Data extract: Begin

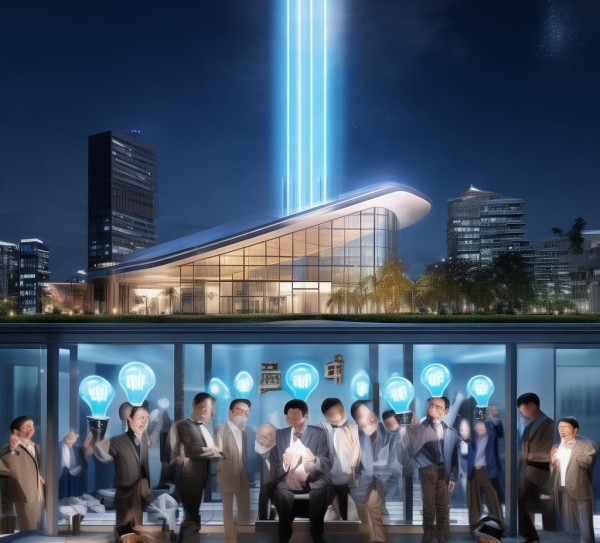 宿城区信息咨询服务，助力企业成长的智慧之光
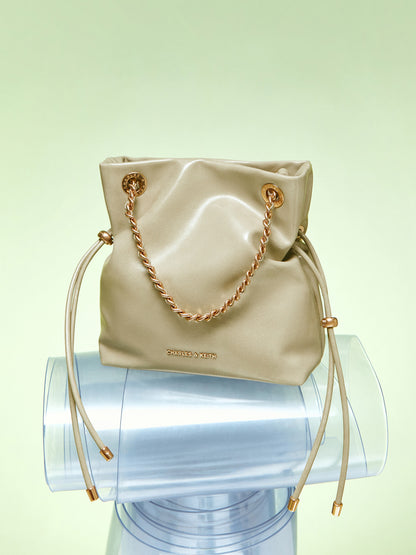Pale Olive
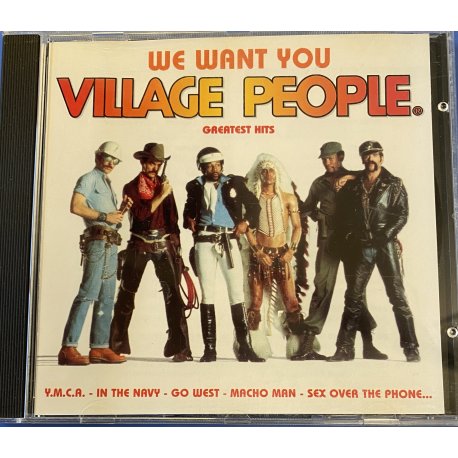 Village People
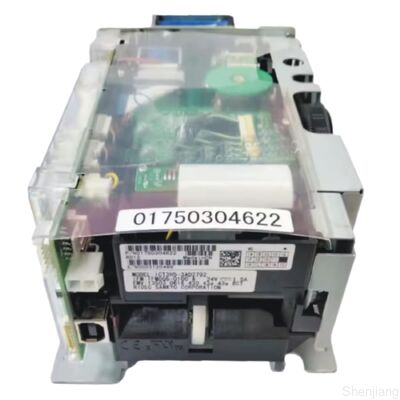 Diebold Nixdorf DN200 อ่านบัตร IC NIDEC SANKYO EMV โมดูล 01750304622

Data extract: End

Extract, word for word, each line from the one that contains "Village People" through the final line of the data above. Leave the pictures out.

◆ **Completed exercise**
 Village People
 Diebold Nixdorf DN200 อ่านบัตร IC NIDEC SANKYO EMV โมดูล 01750304622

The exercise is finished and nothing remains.